In a May e-mail to his students prior to the final exam of the spring semester, Howell said he intended to help them understand how judgments are made about the rightness or wrongness of human acts, the context in which homosexuality had been discussed in the classroom. He contrasted the utilitarian perspective with that of natural law as understood in the Catholic tradition — warning the students against a tendency to be influenced in their thought by feelings because they know and like, or dislike, “some gay couples or individuals.”

He explained that a utilitarian judgment is based on the practical outcome of an act; whether it benefits the actor or not. He gave the example of a man deciding whether or not to cheat on his wife. If he can do it without bad consequences, as far as he can see, it will be acceptable.
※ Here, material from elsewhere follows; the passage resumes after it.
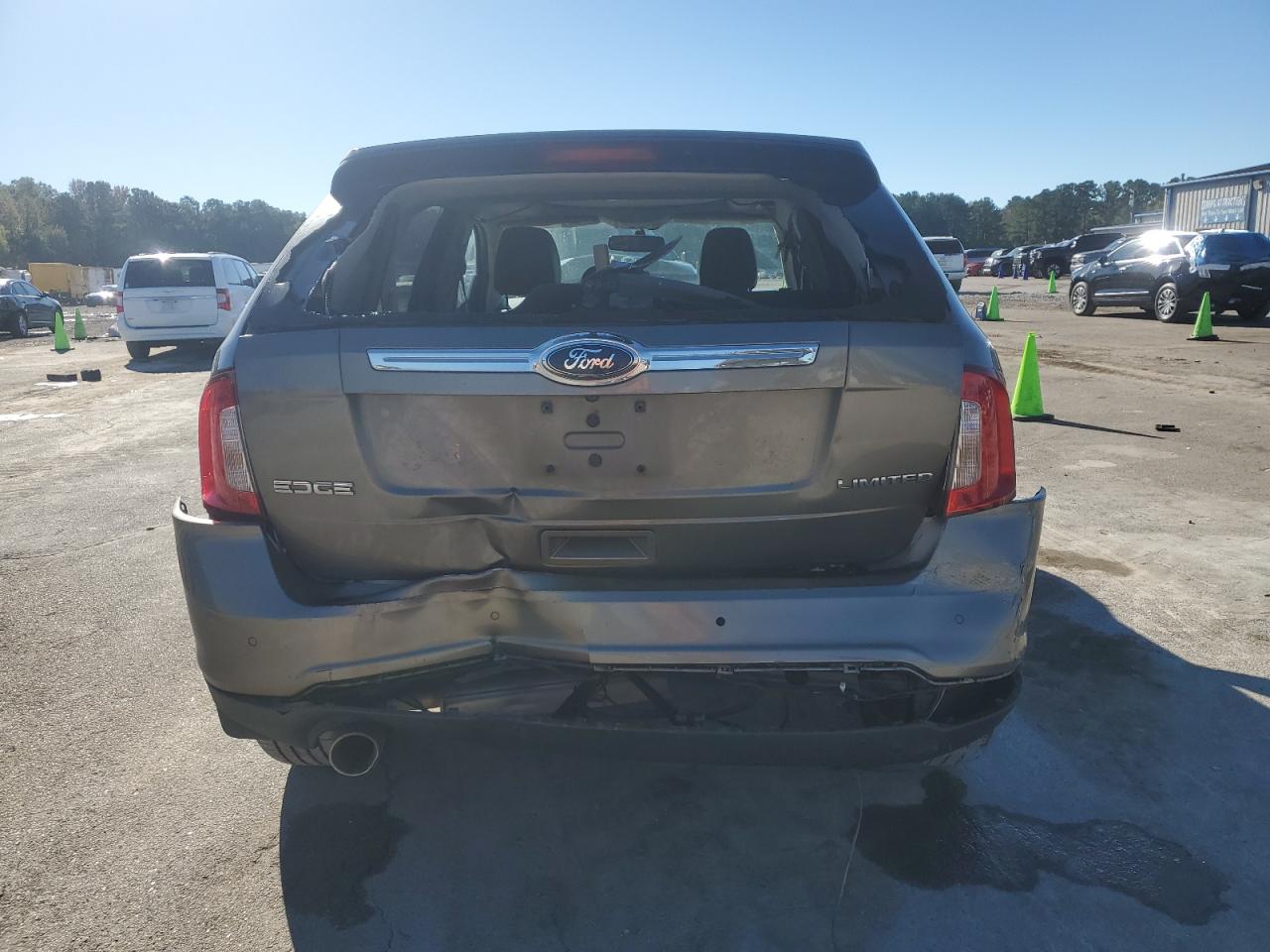 2013 Ford Edge Limited VIN: 2FMDK3KCXDBC80174 Lot: 90999025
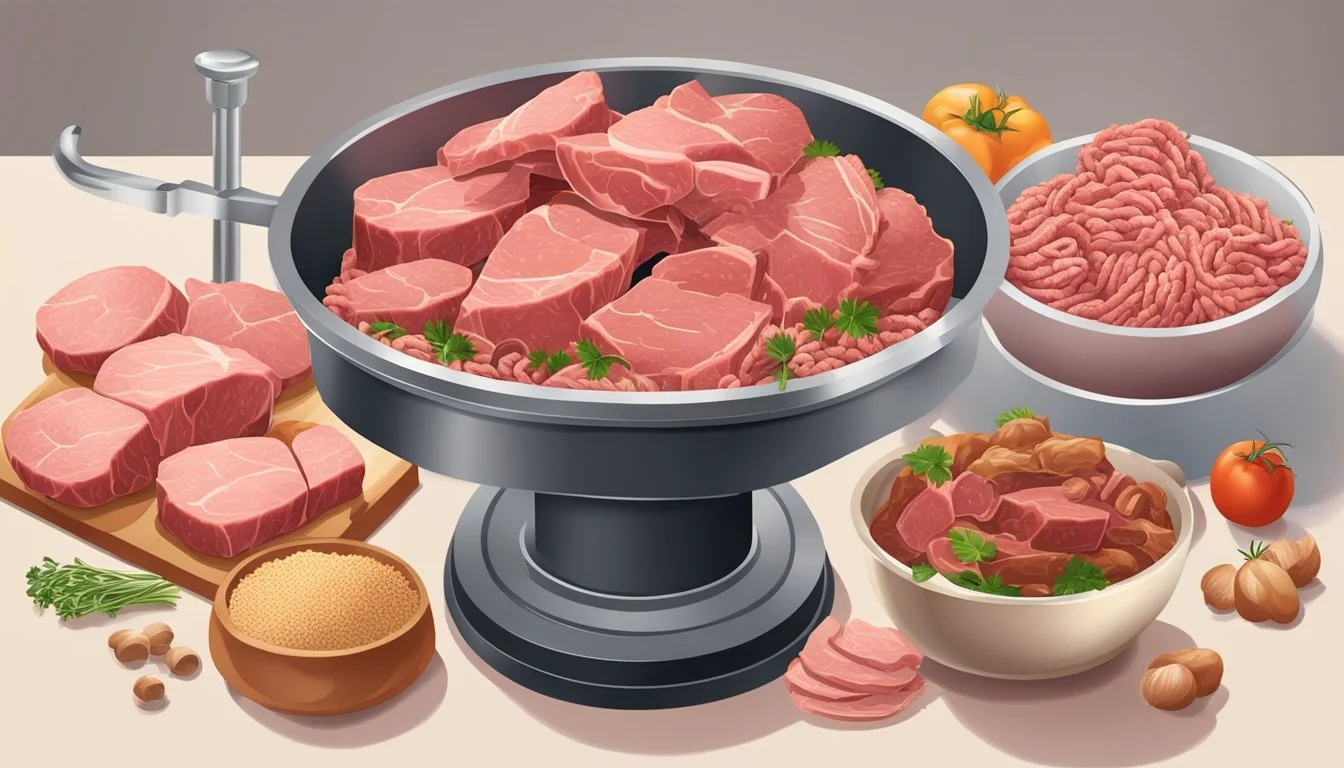 Grind Your Own Meat Elevate Your Meals with Healthier, Flavorful Options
If he can’t see a good outcome clearly, he won’t. There is no deeper consideration.

The natural law stance is different. It assumes “that human acts have an inherent meaning,” in Howell’s words. “The nature of the act itself” must be considered, he wrote, and we can know what is natural by looking at “reality,” which points in a particular direction: “sexual acts are only appropriate for people who are complementary, not the same.”

Howell continued in his e-mail: “Men and women are complementary in their anatomy, physiology and psychology … not interchangeable. So, a moral sexual act has to be between persons (who) are fitted for that act.”

Moreover, “Human sexuality is inherently unitive and procreative. If we encourage sexual relations that violate this basic meaning, we will end up denying something essential about our humanity, about our feminine and masculine nature.”

 This is a fair enough presentation of the Catholic natural law view in contrast with utilitarian philosophy, but it was too much for at least one person — who was not in the class but said he was reacting on behalf of “a friend” who thought Howell was “inflammatory and downright insensitive.”

In an e-mail to religion department head McKim, that person wrote, “Teaching a student about the tenets of a religion is one thing. Declaring that homosexual acts violate the natural laws of man is another. … (A)llowing this hate speech at a public university is entirely unacceptable.”

It may be “unacceptable” in the sense of political correctness on a college campus, but what if a religion includes a teaching that homosexual acts violate natural law? That is far from all that Catholicism has said and says about homosexuality, but it should be included in any honest academic setting. Does the University of Illinois condone censorship of its teachers when some students are offended by a forthright presentation of certain facts?

Does it coddle its sensitive customers or challenge them to think, study and debate ideas, learn some history, and in the process toughen up their self-understanding as well as their understanding of the world? Such challenging is what universities should accept as their natural role. The University of Illinois needs a self-check on its integrity as an academic institution.